(Materials provided)

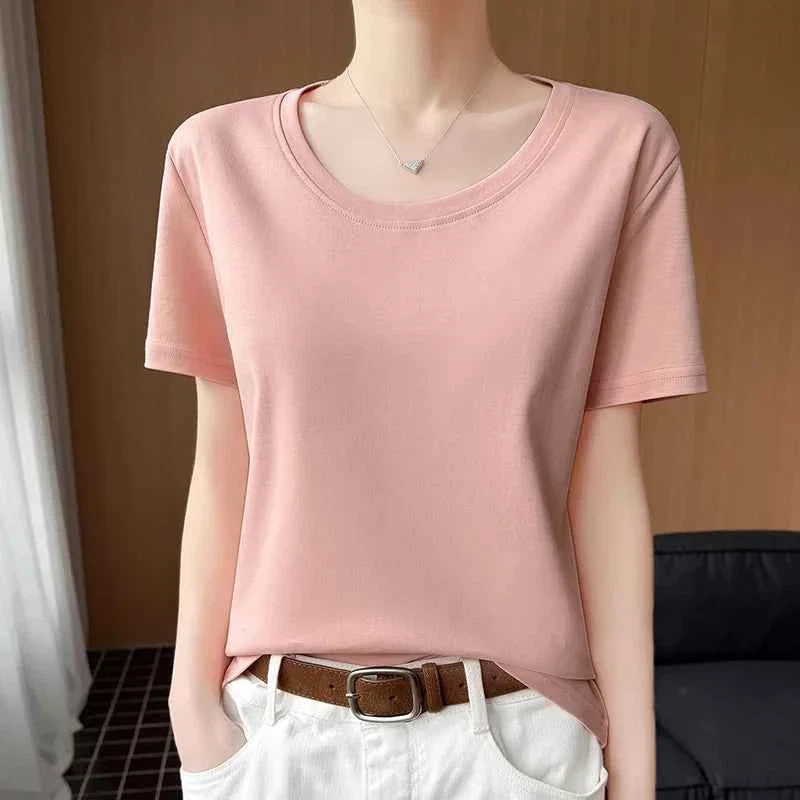 Elite Soft Pink Basic T-Shirt for Women Long-Lasting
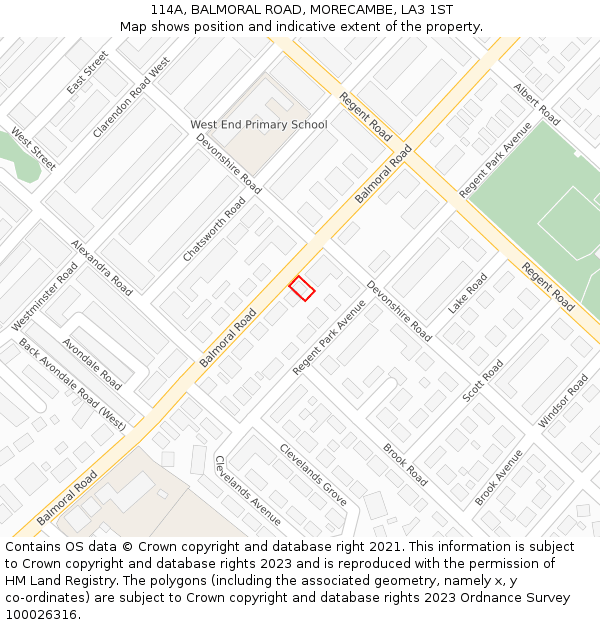 114A, BALMORAL ROAD, MORECAMBE, LA3 1ST: Location map and indicative extent of plot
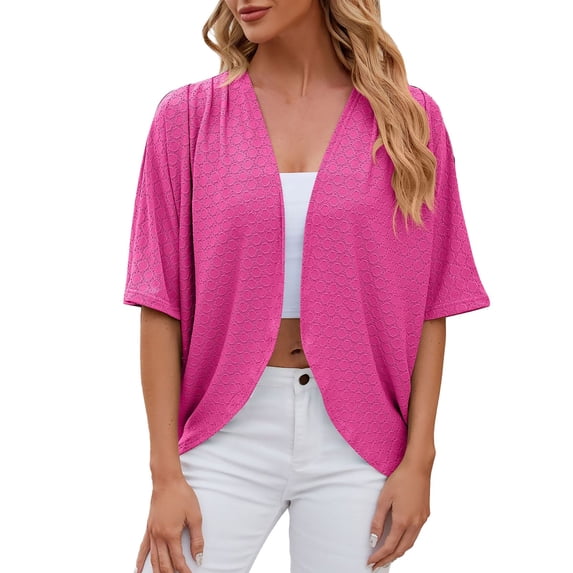 Shirts for Women Mid Sleeve Solid Color Casual Loose T Shirt Top Polyester Spandex Blend Soft Breathable for Spring Summer Daily Wear L Size Spring Summer Womens Tops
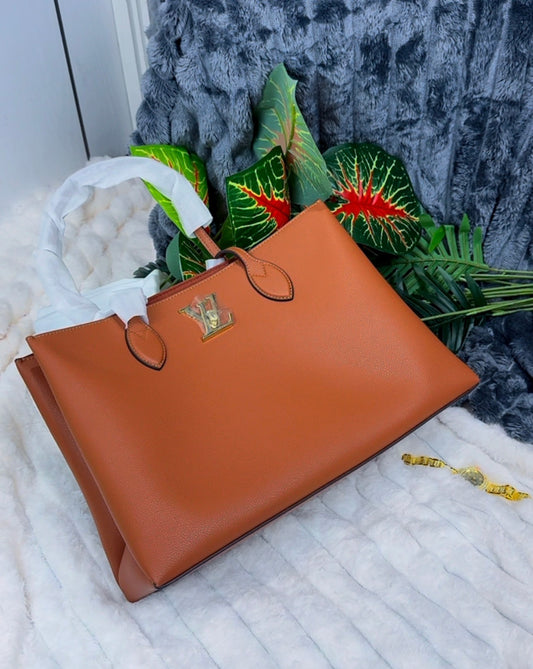 Tan ~ Caramel Soft Calfskin Genuine Leather Big Handbag LASi017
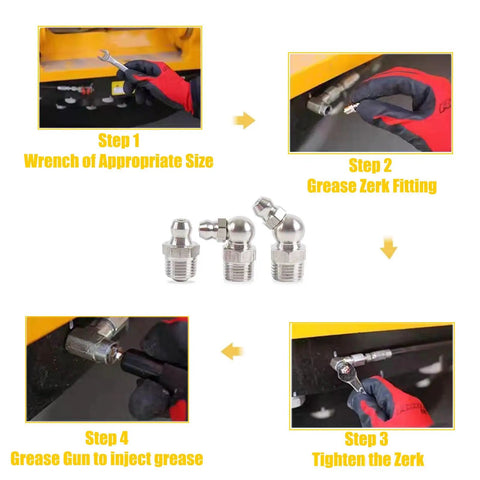 Pro Grade Quarter Inch 28 Thread Grease Fitting Assortment Kit With Straight 45 Degree And 90 Degree Zerk Fittings, Galvanized Steel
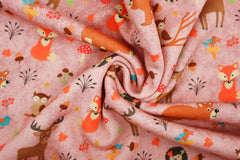 Sweatshirtstoff Cute Forest Friends - altrosa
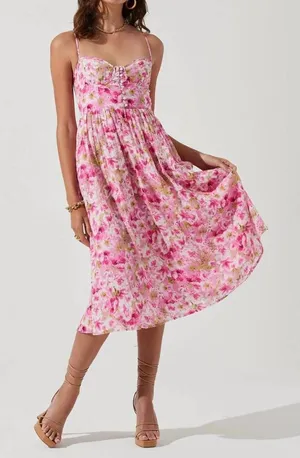 Astr the Label Ferreira Bustier Midi Dress Bright Floral Pink Women Size Small thumbnail 1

(End Materials provided)

▶ [Task directions]: Please copy the entries in full. Leave each image out.

▶ [Solution]:
 Elite Soft Pink Basic T-Shirt for Women Long-Lasting
 114A, BALMORAL ROAD, MORECAMBE, LA3 1ST: Location map and indicative extent of plot
 Shirts for Women Mid Sleeve Solid Color Casual Loose T Shirt Top Polyester Spandex Blend Soft Breathable for Spring Summer Daily Wear L Size Spring Summer Womens Tops
 Tan ~ Caramel Soft Calfskin Genuine Leather Big Handbag LASi017
 Pro Grade Quarter Inch 28 Thread Grease Fitting Assortment Kit With Straight 45 Degree And 90 Degree Zerk Fittings, Galvanized Steel
 Sweatshirtstoff Cute Forest Friends - altrosa
 Astr the Label Ferreira Bustier Midi Dress Bright Floral Pink Women Size Small thumbnail 1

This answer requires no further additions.